[Opening EXERCISE MATERIAL section]
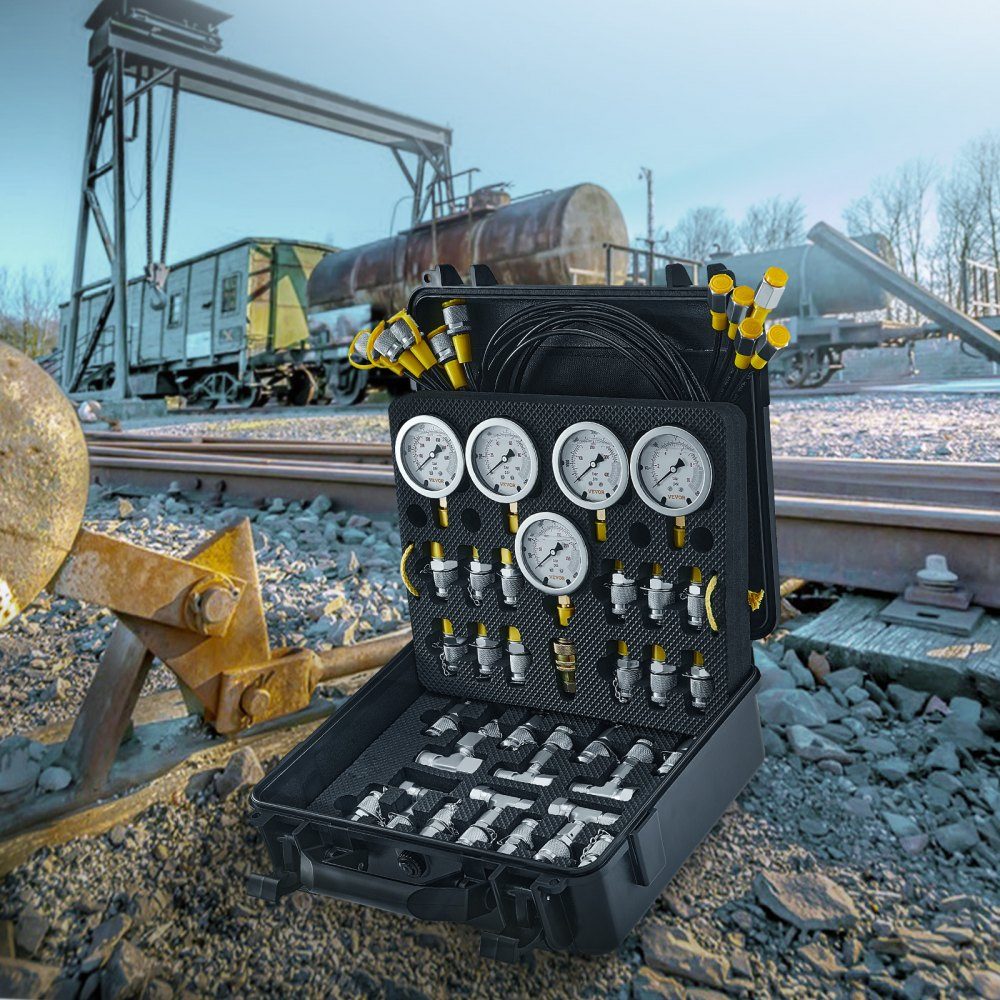 Hydraulische druktestset, 10/100/250/400/600 bar, 5 meters, 13 koppelingen, 14 T-connectoren, 5 testslangen, graafmachine Hydraulische testmanometerset met draagtas voor graafmachine-tractormachines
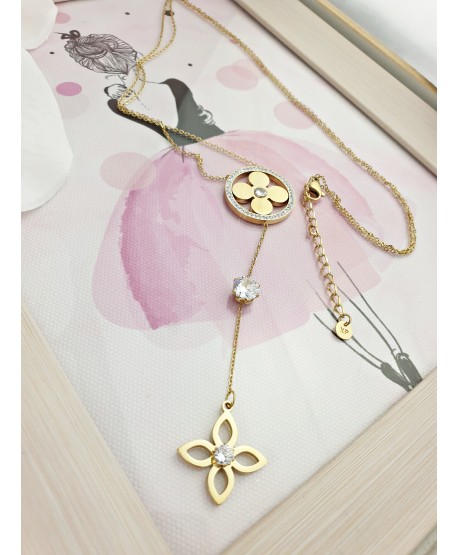 Naszyjnik wisior stal długi z koniczynkami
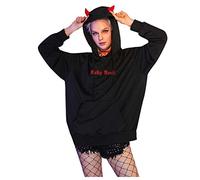 Women Devil Wings Halloween Hooded Sweatshirt Loose Long Sleeve Hoody Pullover Hooded Sweater Hoodie Pocket Tops Blouse Sweatshirt Contrast Casual Women Oversized Halloween Women's Blouse Black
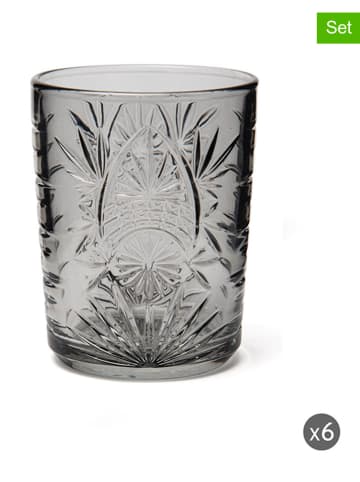 Trendy Kitchen by EXCÉLSA 6-delige set: glazen "Color Tumbler" grijs - 350 ml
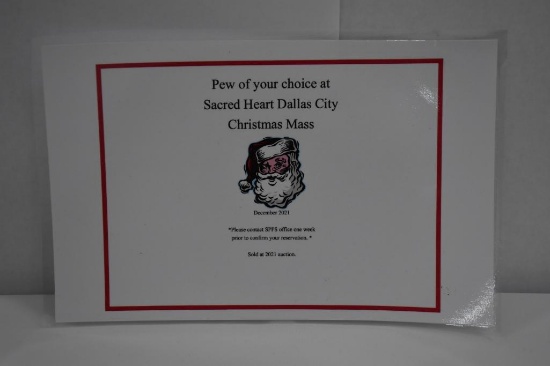 Christmas Eve Mass - reserved pew of your choice - Sacred Heart Dallas City - CHOICE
[Closing EXERCISE MATERIAL section]
-- THE TASK --
Omitting the images, output each record precisely as written.

-- OUTPUT --
 Hydraulische druktestset, 10/100/250/400/600 bar, 5 meters, 13 koppelingen, 14 T-connectoren, 5 testslangen, graafmachine Hydraulische testmanometerset met draagtas voor graafmachine-tractormachines
 Naszyjnik wisior stal długi z koniczynkami
 Women Devil Wings Halloween Hooded Sweatshirt Loose Long Sleeve Hoody Pullover Hooded Sweater Hoodie Pocket Tops Blouse Sweatshirt Contrast Casual Women Oversized Halloween Women's Blouse Black
 Trendy Kitchen by EXCÉLSA 6-delige set: glazen "Color Tumbler" grijs - 350 ml
 Christmas Eve Mass - reserved pew of your choice - Sacred Heart Dallas City - CHOICE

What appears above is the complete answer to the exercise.